As part of its plan to increase domestic oil production, Ukraine embarked on an extensive privatization program for its oil industry. Ukrainian efforts towards privatization began in 1992, but over the last five years the oil industry remained virtually untouched. Oil companies were converted into state-owned joint-stock companies, but further attempts at reform did not occur until this year. The Ukrainian government has now adopted an individualized approach to privatization for each sector of the economy. The oil refining sector is currently in the process of privatization with five of the six refineries already in private hands. In a program developed by the State Property Fund of Ukraine, (SPF) each refinery has its own privatization plan with the distribution of shares varying from refinery to refinery. The plans share four characteristics: preferential subscription to employees in which shares are purchased either with cash or privatization certificates (PCS) at their normal value, sales to financial intermediaries and Ukrainian citizens for PCS and compensation certificates (CCs) in special monthly PC and CC auctions, investment tenders for strategic investors for cash, and state ownership of between 14 percent and 33 percent. Most shares have been distributed for PCS and CCs with little cash being invested in the refineries. The Neftekhimik Prikarpatya refinery (formally Nadvirna refinery) has undergone the most privatization with over 40 percent of shares already distributed. The Galychina refinery (formally Dogobych refinery) is next with almost 40 percent of shares distributed followed by the Lysychansk refinery at roughly 25 percent, the Kherson refinery at 24 percent, and the Odessa refinery at about 20 percent. The Kremenchug refinery has not begun the process of privatization and remains a closed joint-stock company.

NATURAL GAS

Ukraine's gas industry continues to be plagued by huge debts caused mostly by unpaid gas bills. Ukrainian gas consumers have run up billions of dollars worth of debt with the help of lax controls on non-paying customers and government subsidies for domestic consumption. This left the country's gas suppliers without money to pay for imports. In an attempt to alleviate the debts, the Cabinet of Ministers issued a resolution which allowed gas companies to cut off gas supplies to companies and individuals who refused to pay their bills. The resolution also ordered debtors to pay off outstanding debts by October 1, 1997.

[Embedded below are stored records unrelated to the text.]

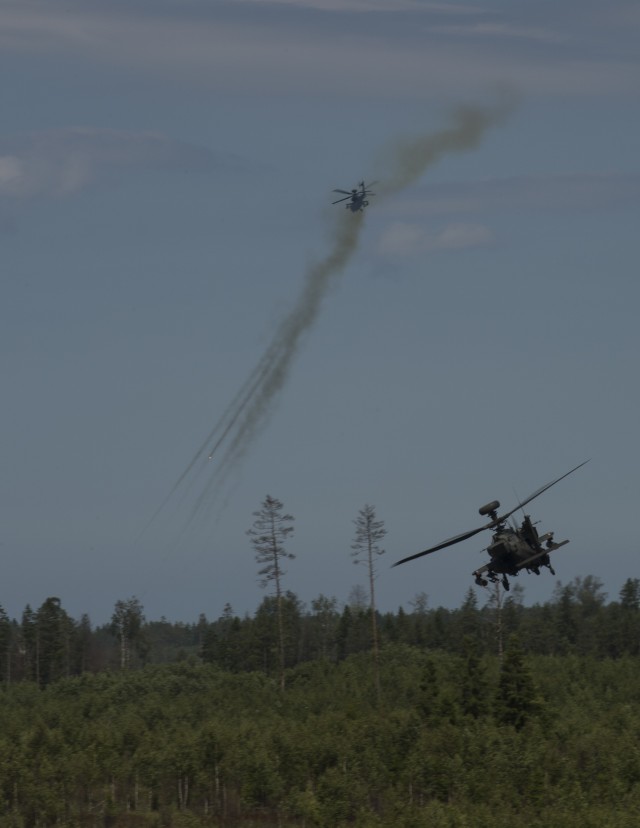 Air Ground Integration in Saber Strike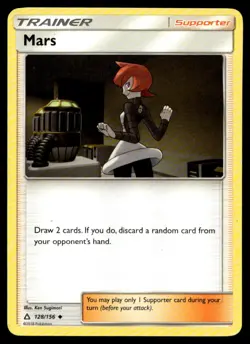 Mars SM - Ultra Prism 128/156 MP Pokemon TCG | Buy 10 Get 10 Free - Image 1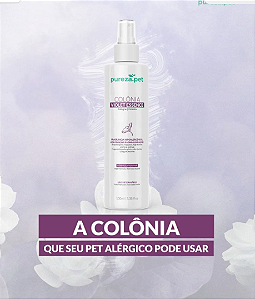 PET- Colônia Hipoalergênica Violet Essence VEGANO
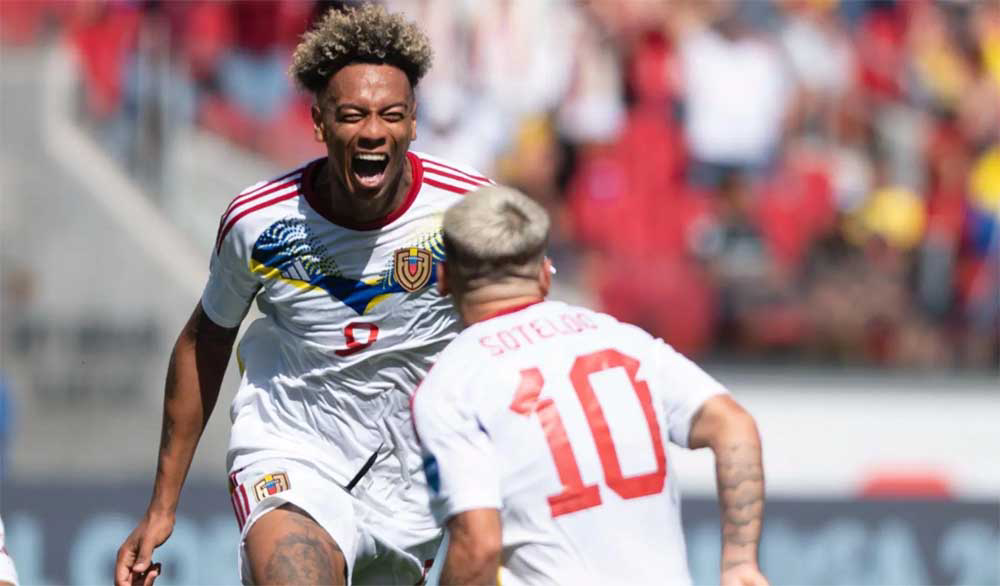 कोपा अमेरिका: भेनेजुएला र मेक्सिकोको विजयी सुरुवात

Ukraine's gas industry relies heavily on gas imports, primarily from Russia and Turkmenistan. In recent years, both countries have halted and reduced gas supplies due to Ukraine's inability to pay off large debts, but recently some progress has been made. In May 1997, Ukraine reportedly paid off 90% of its 1996 gas debt owed to the Russian gas company Gazprom. In addition, Ukraine confirmed that it agreed to pay a $302 million debt for supplies of natural gas from Turkmenistan for 1996 and the first four months of 1997.

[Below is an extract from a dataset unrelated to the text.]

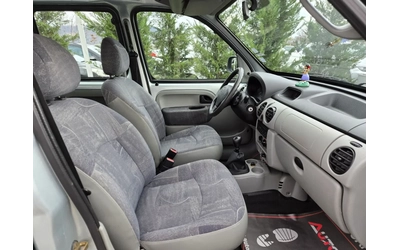 Renault Kangoo 1.5DCI-68кс= КЛИМАТИК= ОБСЛУЖЕН - автомобили, коли, обяви за нови и употребявани 14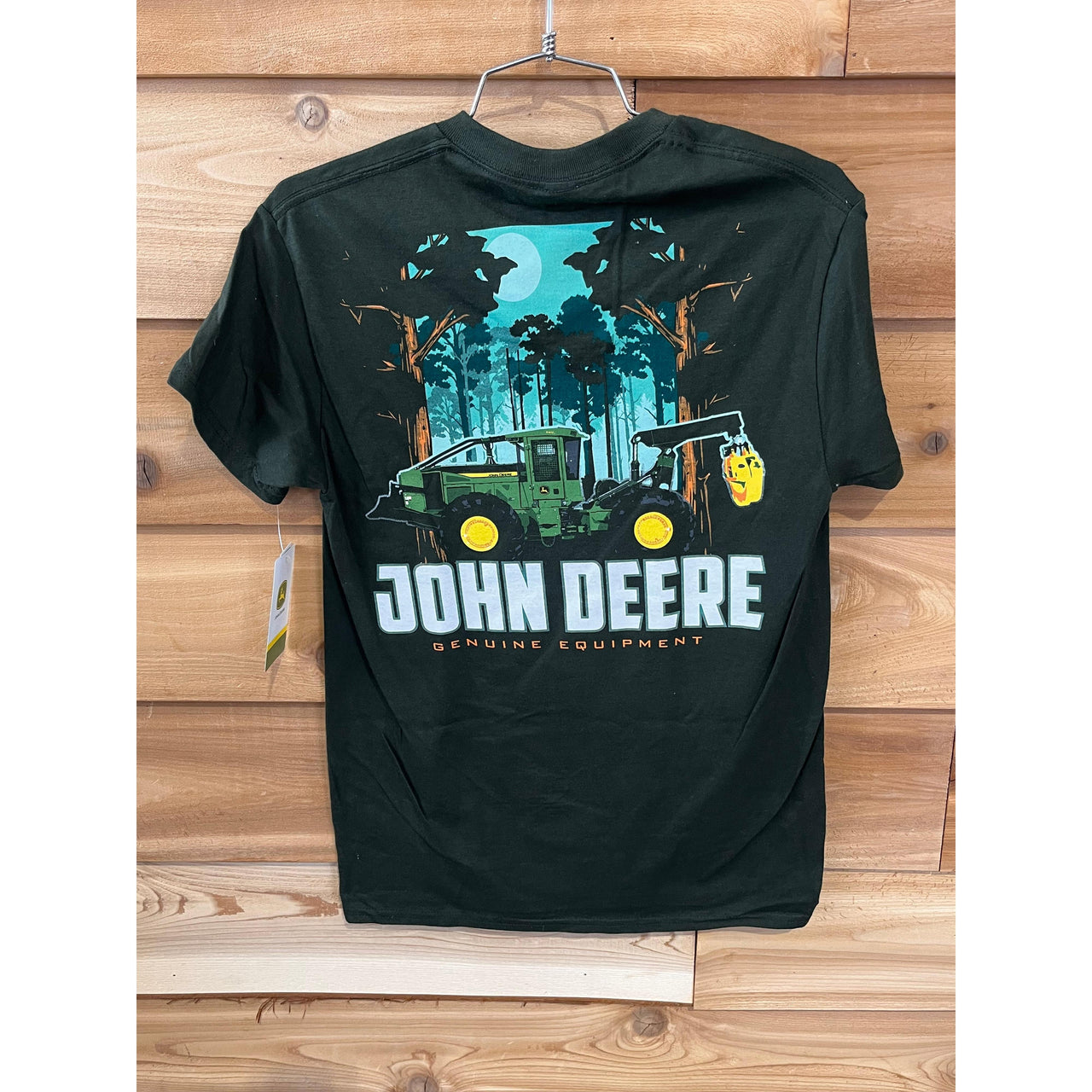 John Deere Tee Shirt - Dark Green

However, in July 1997, Gazprom reduced gas deliveries to Ukraine by 1 bcf in an attempt to force the Ukrainian government to pay off an outstanding $100 million debt. United Energy Systems and Intergaz, Ukraine's two leading gas distributors, owed Gazprom up to $150 million. Turkmenistan had also cut off gas supplies to the Ukraine due to unpaid debts of $200 million dollars. Ukraine and Turkmenistan brokered a deal to satisfy the debt in May 1997 where Ukraine would receive up to 700 bcf/yr of natural gas from Turkmenistan in exchange for Ukrainian goods and services in addition to partial payment in hard currency. The agreement also changed the delivery terms where Ukraine would purchase gas at the Turkmenistan and Uzbekistan border. Ukrgaz would then ship it across Uzbekistan, Kazakhstan, and Russia. However, the deal crumbled by mid-May over a $205 million debt owed to Turkmenistan by gas trader Itera.

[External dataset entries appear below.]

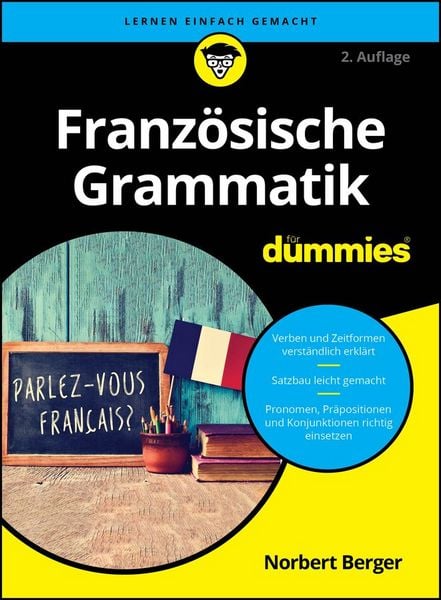 Produktbild: Franz&ouml;sische Grammatik f&uuml;r Dummies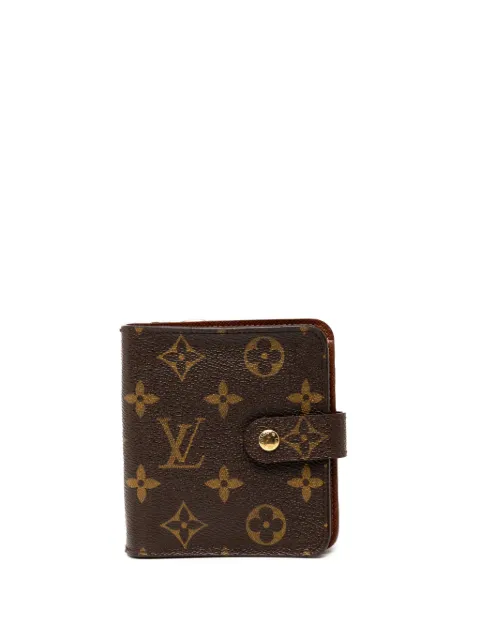 Louis Vuitton Pre-Owned 2005 Monogram Bifold Compact Wallet small wallets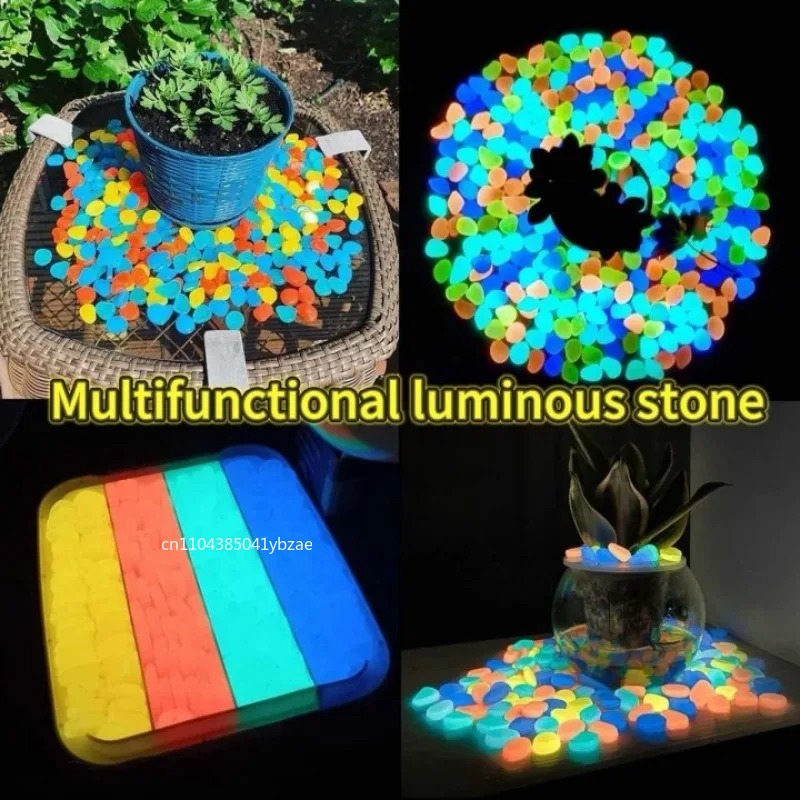 100-800pcs Glow in The Dark Pe - Aquarium Plant In Pot recensione e prezzo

In late 1996, Ukraine and Russia signed contracts for supplying natural gas to Ukraine for 1997. Russia is expected to deliver nearly 1.9 trillion cubic feet (Tcf) in 1997 including 1.06 Tcf as a payment for gas transit via Ukraine. Russia is also expected to send 4.6 Tcf across Ukraine in 1997. Ukraine is expected to produce 530 bcf of indigenous natural gas in 1997. Concurrently, negotiations between the two countries continues regarding a joint venture to construct the Torzhok-Dolina pipeline. The main purpose of the proposed pipeline is to increase the flow of Russian transit gas.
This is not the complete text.